Items from a dataset:
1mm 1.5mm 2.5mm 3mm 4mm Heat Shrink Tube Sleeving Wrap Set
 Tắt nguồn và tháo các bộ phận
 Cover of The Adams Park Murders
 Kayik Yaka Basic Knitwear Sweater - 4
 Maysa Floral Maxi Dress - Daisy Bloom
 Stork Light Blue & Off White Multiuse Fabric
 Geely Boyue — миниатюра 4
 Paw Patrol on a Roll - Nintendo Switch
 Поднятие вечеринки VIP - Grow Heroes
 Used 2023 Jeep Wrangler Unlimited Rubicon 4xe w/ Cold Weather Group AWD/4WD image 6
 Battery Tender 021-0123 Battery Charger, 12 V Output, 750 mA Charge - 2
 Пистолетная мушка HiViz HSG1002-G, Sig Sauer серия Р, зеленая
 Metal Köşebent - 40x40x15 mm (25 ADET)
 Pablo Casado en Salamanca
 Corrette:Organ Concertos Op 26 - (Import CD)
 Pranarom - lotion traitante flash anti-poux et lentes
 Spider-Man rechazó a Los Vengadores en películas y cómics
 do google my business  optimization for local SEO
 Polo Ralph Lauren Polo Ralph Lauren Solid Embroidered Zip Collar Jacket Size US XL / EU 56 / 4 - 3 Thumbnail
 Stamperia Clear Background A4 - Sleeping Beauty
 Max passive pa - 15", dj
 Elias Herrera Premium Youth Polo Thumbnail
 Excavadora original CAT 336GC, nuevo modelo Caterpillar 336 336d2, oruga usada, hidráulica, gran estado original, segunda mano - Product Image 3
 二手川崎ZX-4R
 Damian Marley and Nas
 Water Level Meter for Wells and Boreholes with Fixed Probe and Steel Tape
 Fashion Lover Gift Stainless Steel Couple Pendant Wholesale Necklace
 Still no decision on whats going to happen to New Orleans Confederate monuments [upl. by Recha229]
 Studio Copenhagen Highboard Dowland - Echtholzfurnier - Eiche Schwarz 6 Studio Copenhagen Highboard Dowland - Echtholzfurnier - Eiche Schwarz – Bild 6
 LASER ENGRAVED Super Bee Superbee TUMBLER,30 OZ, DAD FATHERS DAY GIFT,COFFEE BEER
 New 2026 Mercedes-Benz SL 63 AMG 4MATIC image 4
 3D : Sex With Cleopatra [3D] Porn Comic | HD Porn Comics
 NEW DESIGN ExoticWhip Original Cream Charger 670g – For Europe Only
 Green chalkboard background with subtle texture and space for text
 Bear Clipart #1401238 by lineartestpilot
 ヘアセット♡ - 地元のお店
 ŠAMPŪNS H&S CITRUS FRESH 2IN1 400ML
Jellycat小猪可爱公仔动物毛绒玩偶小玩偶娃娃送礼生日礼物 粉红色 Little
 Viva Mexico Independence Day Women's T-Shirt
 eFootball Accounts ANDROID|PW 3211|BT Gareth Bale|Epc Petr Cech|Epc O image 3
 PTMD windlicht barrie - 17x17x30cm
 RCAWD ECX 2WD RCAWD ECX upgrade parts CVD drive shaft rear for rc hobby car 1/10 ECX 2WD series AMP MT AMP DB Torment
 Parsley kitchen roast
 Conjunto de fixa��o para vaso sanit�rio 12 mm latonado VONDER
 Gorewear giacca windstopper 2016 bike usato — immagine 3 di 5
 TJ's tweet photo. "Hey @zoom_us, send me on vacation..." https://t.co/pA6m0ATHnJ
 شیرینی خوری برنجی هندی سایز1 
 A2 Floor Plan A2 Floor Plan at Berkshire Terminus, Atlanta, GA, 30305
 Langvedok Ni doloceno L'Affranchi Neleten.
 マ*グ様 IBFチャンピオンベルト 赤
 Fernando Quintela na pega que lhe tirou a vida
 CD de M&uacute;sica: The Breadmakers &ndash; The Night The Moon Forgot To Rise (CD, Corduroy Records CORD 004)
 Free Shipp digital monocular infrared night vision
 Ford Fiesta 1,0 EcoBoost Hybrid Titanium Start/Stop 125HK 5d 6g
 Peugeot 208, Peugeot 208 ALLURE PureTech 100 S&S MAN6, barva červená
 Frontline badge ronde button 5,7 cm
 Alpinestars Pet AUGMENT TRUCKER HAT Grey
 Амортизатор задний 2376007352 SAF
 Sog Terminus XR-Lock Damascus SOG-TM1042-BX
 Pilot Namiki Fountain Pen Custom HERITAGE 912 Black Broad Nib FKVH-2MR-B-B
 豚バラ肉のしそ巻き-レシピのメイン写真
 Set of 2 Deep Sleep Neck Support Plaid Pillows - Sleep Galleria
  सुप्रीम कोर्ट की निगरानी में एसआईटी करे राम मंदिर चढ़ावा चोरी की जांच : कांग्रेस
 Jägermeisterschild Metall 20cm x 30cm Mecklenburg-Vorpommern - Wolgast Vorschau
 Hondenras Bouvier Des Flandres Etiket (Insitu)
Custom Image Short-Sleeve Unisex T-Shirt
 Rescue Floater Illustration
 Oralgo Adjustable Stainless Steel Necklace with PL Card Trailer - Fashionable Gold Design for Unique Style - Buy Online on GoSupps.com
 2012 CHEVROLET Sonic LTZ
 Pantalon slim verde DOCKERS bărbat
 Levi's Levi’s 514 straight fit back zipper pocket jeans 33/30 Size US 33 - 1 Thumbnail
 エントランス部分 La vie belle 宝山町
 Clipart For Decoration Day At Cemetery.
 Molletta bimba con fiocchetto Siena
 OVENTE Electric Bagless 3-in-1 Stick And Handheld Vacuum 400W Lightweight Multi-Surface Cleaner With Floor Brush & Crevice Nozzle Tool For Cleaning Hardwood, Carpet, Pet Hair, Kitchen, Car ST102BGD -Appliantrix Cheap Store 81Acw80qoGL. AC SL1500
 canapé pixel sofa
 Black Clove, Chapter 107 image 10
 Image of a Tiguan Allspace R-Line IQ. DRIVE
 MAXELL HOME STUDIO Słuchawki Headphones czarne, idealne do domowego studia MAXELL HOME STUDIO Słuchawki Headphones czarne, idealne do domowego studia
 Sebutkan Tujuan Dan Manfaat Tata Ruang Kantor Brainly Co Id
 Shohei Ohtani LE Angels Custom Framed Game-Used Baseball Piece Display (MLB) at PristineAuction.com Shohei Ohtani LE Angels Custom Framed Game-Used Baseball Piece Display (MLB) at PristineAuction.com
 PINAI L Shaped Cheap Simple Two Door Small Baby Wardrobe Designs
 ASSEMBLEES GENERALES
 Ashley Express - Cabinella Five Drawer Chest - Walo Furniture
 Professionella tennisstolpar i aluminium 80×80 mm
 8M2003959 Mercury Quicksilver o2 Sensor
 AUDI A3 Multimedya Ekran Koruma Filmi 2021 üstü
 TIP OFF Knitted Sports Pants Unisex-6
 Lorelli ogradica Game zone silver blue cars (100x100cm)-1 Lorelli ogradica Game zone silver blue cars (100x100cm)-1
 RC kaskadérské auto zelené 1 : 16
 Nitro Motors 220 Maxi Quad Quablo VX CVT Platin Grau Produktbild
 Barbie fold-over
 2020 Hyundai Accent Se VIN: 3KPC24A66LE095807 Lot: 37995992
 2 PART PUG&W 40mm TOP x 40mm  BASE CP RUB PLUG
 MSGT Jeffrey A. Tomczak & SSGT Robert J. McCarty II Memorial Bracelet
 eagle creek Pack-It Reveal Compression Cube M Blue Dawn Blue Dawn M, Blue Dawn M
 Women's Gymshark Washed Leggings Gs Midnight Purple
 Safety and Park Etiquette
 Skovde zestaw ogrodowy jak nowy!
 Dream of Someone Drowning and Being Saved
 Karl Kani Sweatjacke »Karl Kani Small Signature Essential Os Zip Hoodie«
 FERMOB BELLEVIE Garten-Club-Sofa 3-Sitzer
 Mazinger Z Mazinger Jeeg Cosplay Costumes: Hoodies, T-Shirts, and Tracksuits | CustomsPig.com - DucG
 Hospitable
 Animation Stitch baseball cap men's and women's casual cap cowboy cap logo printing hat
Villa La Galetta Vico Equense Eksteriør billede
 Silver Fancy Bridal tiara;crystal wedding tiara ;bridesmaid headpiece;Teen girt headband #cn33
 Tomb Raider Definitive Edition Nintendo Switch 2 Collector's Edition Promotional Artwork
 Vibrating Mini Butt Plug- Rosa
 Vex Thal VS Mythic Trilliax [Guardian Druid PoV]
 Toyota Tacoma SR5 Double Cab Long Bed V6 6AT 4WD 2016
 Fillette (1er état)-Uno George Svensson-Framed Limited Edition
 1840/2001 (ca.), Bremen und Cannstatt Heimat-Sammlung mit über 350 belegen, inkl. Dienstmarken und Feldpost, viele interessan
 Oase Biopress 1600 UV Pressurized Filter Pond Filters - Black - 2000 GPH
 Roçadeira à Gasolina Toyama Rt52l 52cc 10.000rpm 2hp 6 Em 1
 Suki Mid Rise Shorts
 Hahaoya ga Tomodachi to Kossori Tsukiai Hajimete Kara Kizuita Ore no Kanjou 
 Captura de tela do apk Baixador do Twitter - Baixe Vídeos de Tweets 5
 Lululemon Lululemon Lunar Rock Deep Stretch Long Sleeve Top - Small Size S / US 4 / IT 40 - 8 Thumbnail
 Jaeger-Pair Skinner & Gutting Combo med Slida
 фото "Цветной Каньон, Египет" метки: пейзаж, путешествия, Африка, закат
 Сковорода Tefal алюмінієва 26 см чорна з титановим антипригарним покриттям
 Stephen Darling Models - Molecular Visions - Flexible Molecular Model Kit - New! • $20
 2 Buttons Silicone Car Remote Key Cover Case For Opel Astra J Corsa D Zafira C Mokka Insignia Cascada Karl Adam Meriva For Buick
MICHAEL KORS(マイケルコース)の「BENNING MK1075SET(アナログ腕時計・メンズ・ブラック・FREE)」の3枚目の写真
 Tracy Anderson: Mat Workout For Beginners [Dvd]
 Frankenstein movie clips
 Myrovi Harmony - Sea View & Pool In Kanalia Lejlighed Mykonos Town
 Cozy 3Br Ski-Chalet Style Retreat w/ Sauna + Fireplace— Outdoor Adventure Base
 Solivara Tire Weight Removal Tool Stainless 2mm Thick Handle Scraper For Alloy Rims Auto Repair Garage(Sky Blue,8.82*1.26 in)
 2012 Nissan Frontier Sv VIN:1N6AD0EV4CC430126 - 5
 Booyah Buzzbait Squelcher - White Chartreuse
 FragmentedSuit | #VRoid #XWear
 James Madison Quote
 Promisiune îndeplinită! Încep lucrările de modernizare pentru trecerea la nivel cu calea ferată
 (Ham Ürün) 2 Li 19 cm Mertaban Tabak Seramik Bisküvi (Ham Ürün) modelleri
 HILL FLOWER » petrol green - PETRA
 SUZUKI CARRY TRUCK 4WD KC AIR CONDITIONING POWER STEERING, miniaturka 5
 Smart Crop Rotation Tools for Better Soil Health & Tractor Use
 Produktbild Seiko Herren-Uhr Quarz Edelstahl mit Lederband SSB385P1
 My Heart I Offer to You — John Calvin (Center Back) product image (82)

_YOUR TASK_
Would you print exactly the lines from the first line of the entries above through the line that has "Used 2023 Jeep", both included, and stop there?

_FINISHED EXERCISE_
1mm 1.5mm 2.5mm 3mm 4mm Heat Shrink Tube Sleeving Wrap Set
 Tắt nguồn và tháo các bộ phận
 Cover of The Adams Park Murders
 Kayik Yaka Basic Knitwear Sweater - 4
 Maysa Floral Maxi Dress - Daisy Bloom
 Stork Light Blue & Off White Multiuse Fabric
 Geely Boyue — миниатюра 4
 Paw Patrol on a Roll - Nintendo Switch
 Поднятие вечеринки VIP - Grow Heroes
 Used 2023 Jeep Wrangler Unlimited Rubicon 4xe w/ Cold Weather Group AWD/4WD image 6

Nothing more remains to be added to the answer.